Thursday, February 07, 2013

A Remarkable Woman

It's been a little over a year that my mother in law, Virginia Mayhan, died of congestive heart failure. Her life was a testament to her love for her family and her devotion to her Catholic faith.  

She was married to her husband Al for 53 years before he passed away just a year before she did. Together they had seven children. Al worked in civil service for the Air Force during his career, and progressed to the point of being responsible for hundreds of people, creating stresses that wives, at times, must endure. But she was no shrinking violet! If her husband or her kids needed something and there was no existing way to meet those needs, she created new conditions to make it happen. For example, her two older daughters, Diane and Mary, were athletic, but there were very few athletic outlets for girls in the mid 1970’s in Montgomery, so Virginia created an independent softball league behind Goodwyn Middle School and manned the concession stand each game to pay the umpires and run the league. Eventually, the city of Montgomery realized Virginia was onto something, and opened up softball leagues across the city, leagues which thrive to this day.

And woe to the person who slighted her kids! I like telling the story of my mentor and good friend, Tom Doyle. For over 30 years, the tradition at Montgomery Catholic High School graduations was for the principal to roast each of the graduates. Tom Doyle started that tradition; we did it in tandem as president and principal for 13 years, and then I continued it forward when Tom left.  Catholics in Montgomery were very familiar with the practice and the graduates looked forward to it, but few knew its origin. In May of 1979, then principal Tom learned two hours before graduation that his speaker had canceled. Taking out a paper napkin at a restaurant, he scribbled some remarks for each graduate, and a cherished tradition was borne--except that he inadvertently skipped over one graduate-- my wife, Diane! Virginia was furious, convinced that Tom had done it deliberately. But being a good, Christian woman, she forgave him—about ten years later!  

Virginia was a woman of deep and simple faith, with a special devotion to Mary. She prayed the rosary often, and I know she brought all her worries--about her husband and children, about her brothers and sisters who preceded her in death, about her mother and father, and in those final years, about her own death--to the Lord. With her husband Al she sacrificed to send all seven children of her children to Catholic schools, because they both believed that Catholic schools were important to raising their kids in the faith.  Being in civil service, they moved often in the early years, and she and Al told me the way they picked out a house in a new city was to first find out where the Catholic school was, and then pick a house nearby--to which I often replied, with appreciation, “They don’t make families like you anymore.”

Indeed they don’t.

Virginia battled through a variety of health problems with strong resolve--motivated, I believe, by a love for her family.

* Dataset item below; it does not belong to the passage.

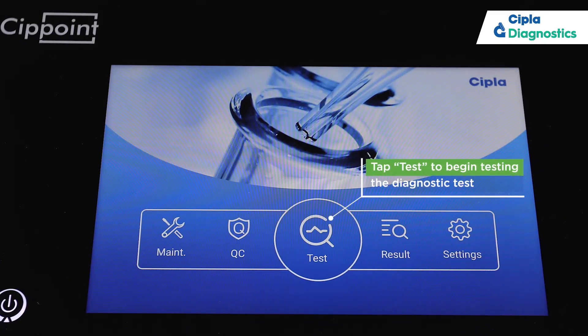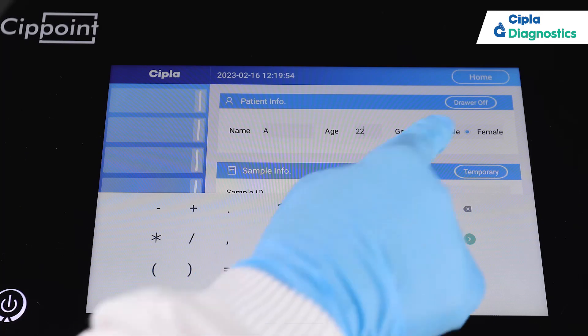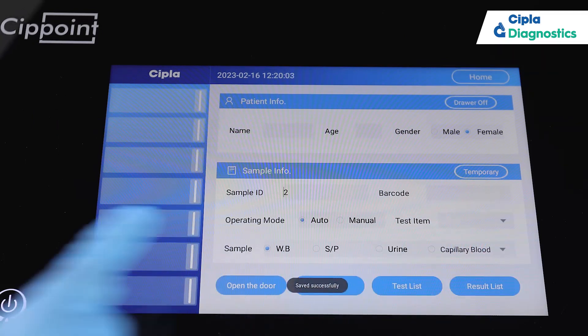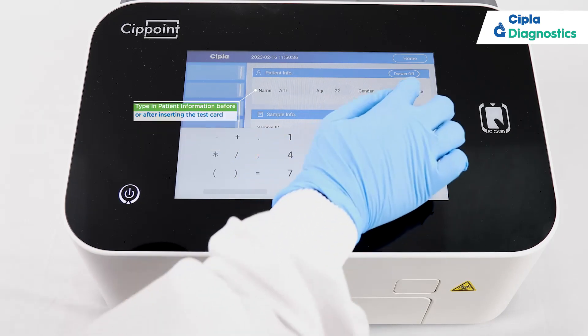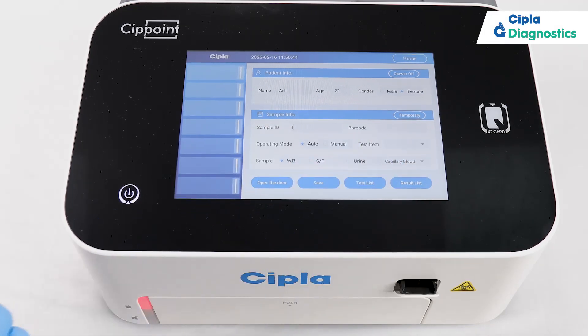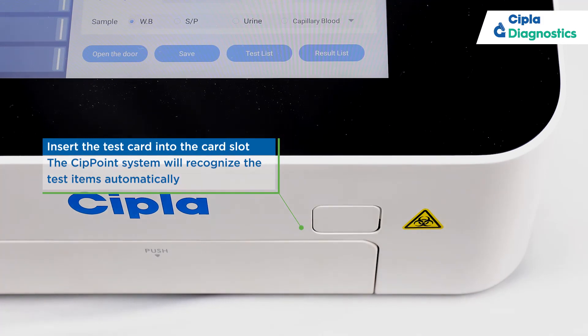Tap Test to begin testing the diagnostic test. Select the sample type you will use. Type in patient information before or after inserting the test card.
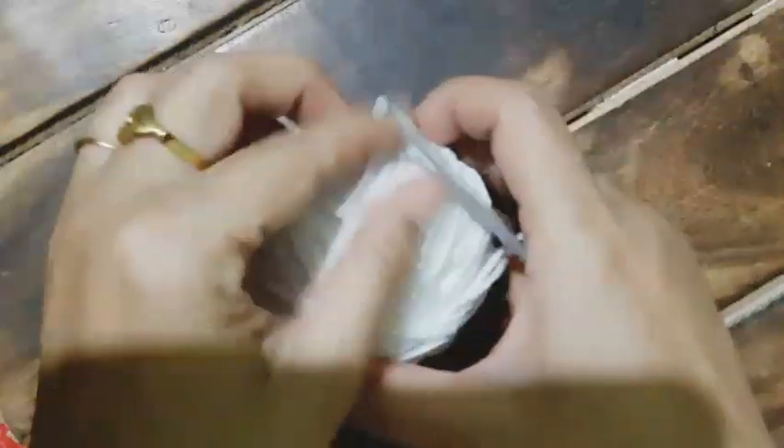Hello friends, welcome back! And if you are new to our channel, thank you for stopping by. Today I am going to show you a beautiful basket weave pattern that we are going to crochet.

She was diagnosed with breast cancer in the late 1980’s, resulting in a mastectomy. Five years later, the cancer re-occurred and she underwent radiation treatment. In the late 1990’s she developed diabetes, and somewhere around 2005 she was diagnosed with congestive heart failure. Though the doctors told our family to “gather” to pay last respects about six years ago, Virginia insisted she "wasn’t going anywhere” until she celebrated her fiftieth anniversary with Al. When that came and went, she declared she wasn’t dying until she attended the wedding of her youngest son, Danny, a year later. After the wedding, she fought on to care for her husband, who was diagnosed late in life with leukemia and kidney failure.  It was only after his death, when she was sure that everyone in her family was accounted for, I think, that she gave herself “permission” to die. But even then, she battled through to her last breath, maintaining a sense of humor in those last days, enjoying the company of her three devoted daughters, Diane, Mary and Rita, and her four sons Albert, Mike, Jim and Danny, who came to visit often. 

Virginia was the fire that lit our family, and I say “our” because from the very beginning, Virginia welcomed me in. When I first got married, I flinched every time I addressed her, not knowing what to call her.  I tried “Mrs. Mayhan” for a while.  “Call me Mom,” she would tell me, smiling.  That was hard for me, because I already had a wonderful mother. So I called her “Virginia” for a number of years after that. “Call me Mom,” she would insist, privately.  At some point over the course of the 26 years I knew her, I guess I began calling her “Mom” without noticing.

It’s been a little over a year now, Mom.  We miss you.